Cette question de la souveraineté de la Transnistrie fut abordée à plusieurs reprises aux organisation internationales, notamment en 2018, au cours de la Résolution de l’ONU A/72/L.58 pour un retrait complet et inconditionnel des forces militaires étrangères du territoire de la République de Moldova. Cette résolution est très intéressante à commencer par les co-auteurs du projet de résolution, contenant, outre le Canada et le Royaume Unis, uniquement d’anciens états soviétiques (Estonie, Lettonie, Lituanie, Pologne, République tchèque, Roumanie) et plus particulièrement l’Ukraine et la Géorgie, deux Etats qui doivent directement faire face à un séparatisme encouragé par Moscou. La résolution s’appuie sur la dénonciation de l’ingérence russe : « la question de la Transnistrie relève de la compétence nationale de la République de Moldova » ainsi que la dénonciation de la « présence de troupes étrangères sur le territoire internationalement reconnu d’un État Membre sans son consentement et contre son gré », comme l’a affirmé Tudor Ulianovschi, ministre des affaires étrangères et de l’intégration européenne de la République de Moldova en 2018.

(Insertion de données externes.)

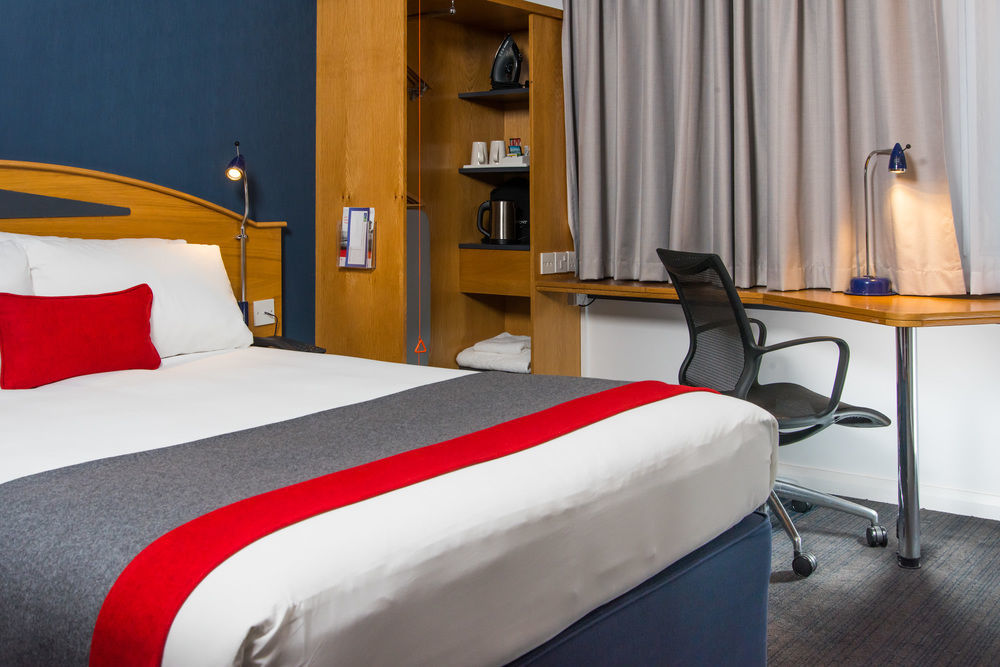 Hotel St James Mons Esterno foto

En Transnistrie, le cœur à Moscou et le portefeuille à Bruxelles
Cependant, il serait absurde de terminer cet article sans nuancer le propos. En effet, la Transnistrie semble doucement se diriger vers une politique plus centriste. En effet, la présidence d’Evgueni Chevtchouk de 2011 à 2016 et la montée en puissance du parti renouveau («Obnovlenie»), désormais majoritaire le montre bien. Cependant, c’est bien l’élimination au premier tour de l’élection présidentielle de 2011 d’Igor Smirnov, fondateur de la Transnistrie et leader du parti communiste qui en est le signe le plus visible. En effet Maxim l’avoue, « Smirnov est le premier président de la République, il a un bon leadership et des qualités oratoires, mais je ne peux pas dire qu'il soit encore le « shérif de Tiraspol » » (son ancien surnom en temps que président). Cela pourrait faire naître en Transnistrie un regain d’attention pour l’Union Européenne. En effet, alors que la Moldavie a signé un accord de libre échange avec l’UE en 2016, la Transnistrie, région considérée comme rattachée à la Moldavie par les puissances occidentales, en profite également, réduisant l’influence économique russe dans le pays. En effet, pour Maxim, « la Transnistrie ne s'est jamais disputée avec l'Union européenne, beaucoup de gens y vont pour se reposer, et parmi mon cercle d'amis, je ne connais personne qui soit contre cette dernière ». Il est intéressant de citer Olivier Tallès, journaliste à La Croix qui titrait en 2017 un article « La Transnistrie, le cœur à Moscou et le portefeuille à Bruxelles », synthétisant assez bien le partage de la région entre deux sphères d’influence, Bruxelles et Moscou. Les élections de 2020 nous diront si la Transnistrie connaîtra prochainement une évolution vers l’une de ces deux sphères en tout cas pour Maxim, « quant au politique, il est probable que les élections de 2020 ne changent rien, malheureusement, sur le plan financier, 2020 et pandémie auront et ont déjà un impact très négatif sur notre économie».